WHAT YOU WILL DO: Copy the data below exactly, but not the pictures it contains.

DATA SECTION:
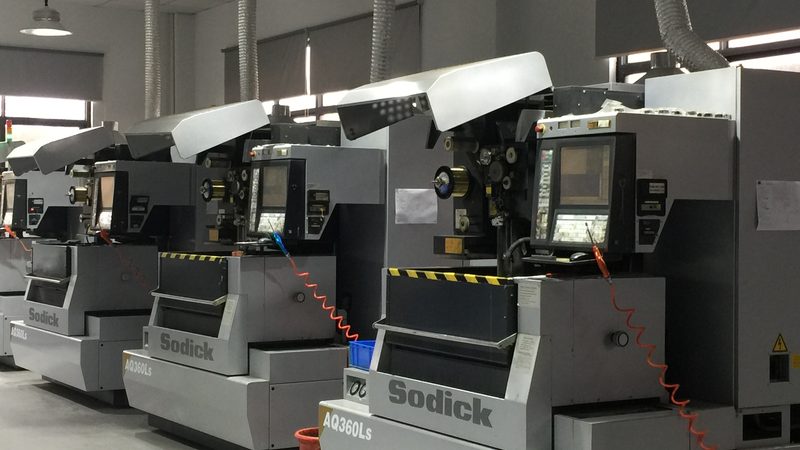 汽车模具批发报价对比：揭秘标准与误区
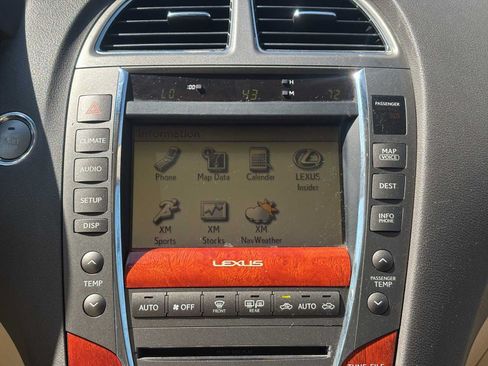 Used 2011 Lexus ES 350 FWD image 16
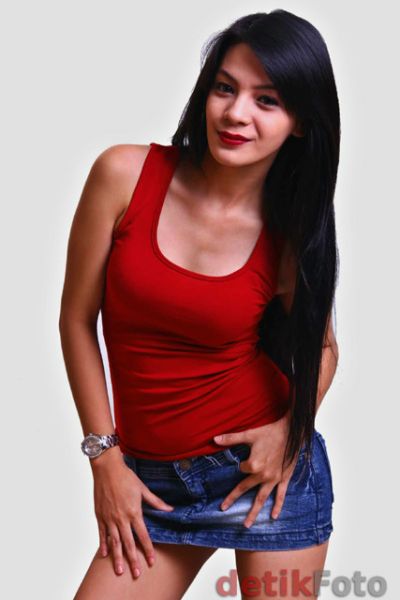 yale blue and red hot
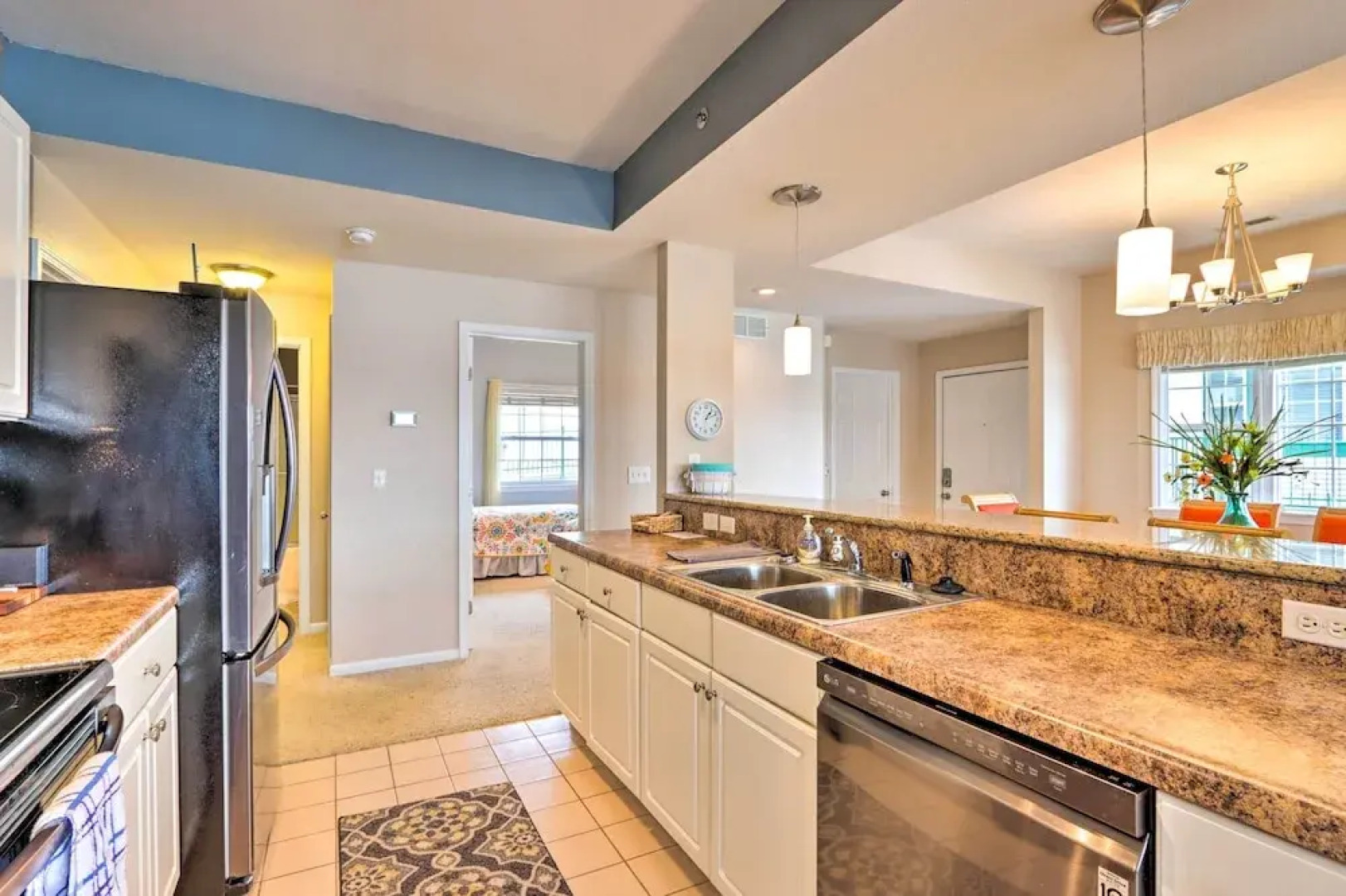 Lake Ozark Waterfront Condo w/ Access to 2 Pools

FINAL ANSWER:
 汽车模具批发报价对比：揭秘标准与误区
 Used 2011 Lexus ES 350 FWD image 16
 yale blue and red hot
 Lake Ozark Waterfront Condo w/ Access to 2 Pools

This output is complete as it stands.